As the World Economic Forum and other groups have pointed out, the single biggest reason why Mexico isn’t growing faster is not bad economic policy — as one could say about Venezuela and Argentina — but its rotten education system. Because of its bad schools, Mexico can’t have a more skilled labor force with which to compete with China, South Korea, and other rapidly growing manufacturing economies.
Mexico’s education system has long been taken hostage by powerful teachers’ unions that want to preserve privileges such as mapping the country’s education policies and allowing its loyalists — regardless of their academic credentials — to buy or inherit life-long teaching jobs.

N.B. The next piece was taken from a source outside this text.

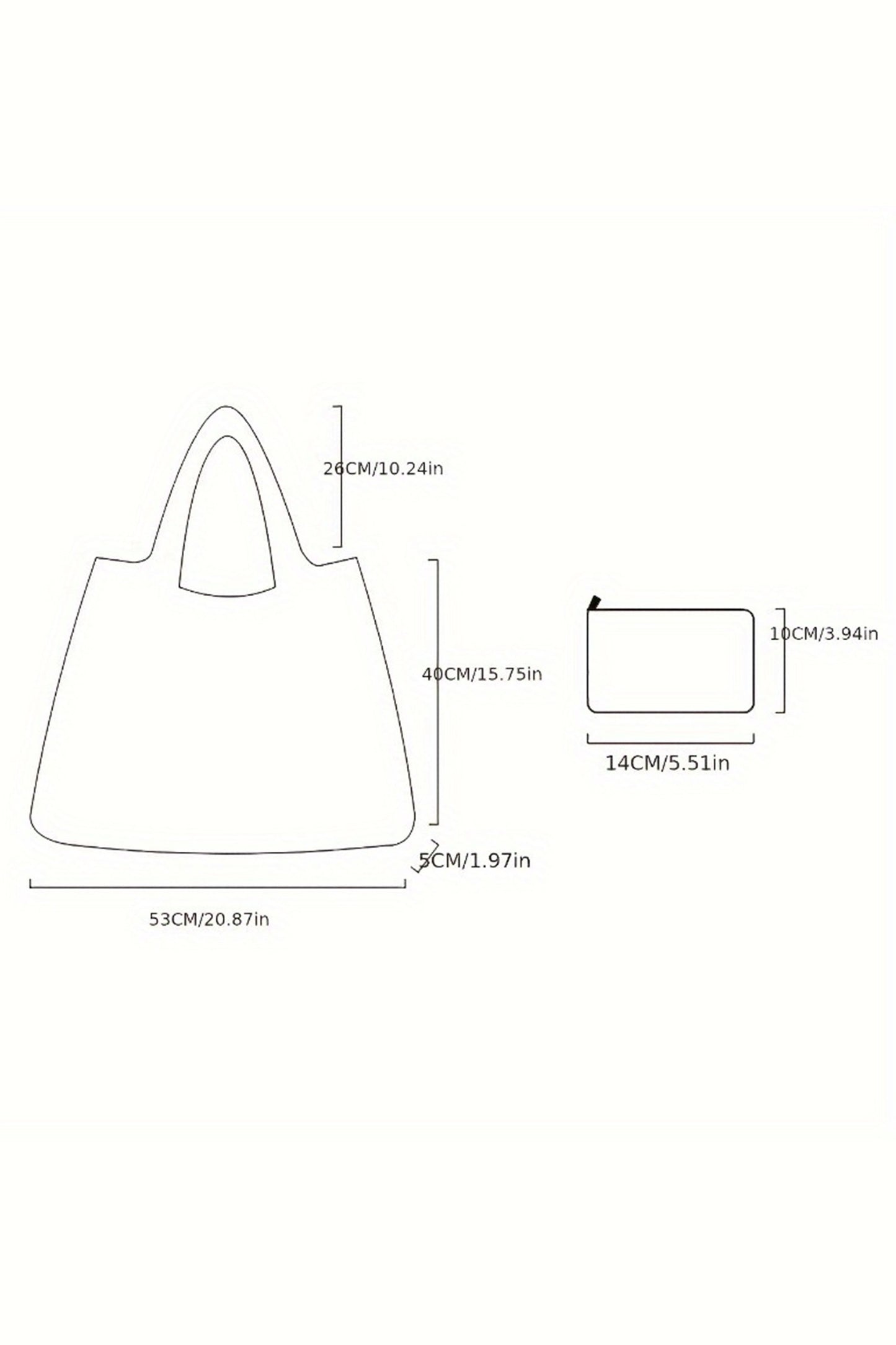 Portable Reusable Bag for the Purse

Many Mexican teachers are hired through union connections and never even set foot in a classroom. According to the Mexicanos Primero education-advocacy group, there are 298,000 teachers in Mexico’s public schools who never teach but work as political activists for teachers’ unions.
Not surprisingly, despite spending much more on education as a percentage of its economy than China and most Asian countries, Mexico finds itself — alongside Brazil and Argentina — at the bottom of the list of 65 countries that participate in the international PISA test of 15-year-old students’ academic abilities.
And not surprisingly, only about 25 percent of Mexican youths enter college, compared with 93 percent in South Korea.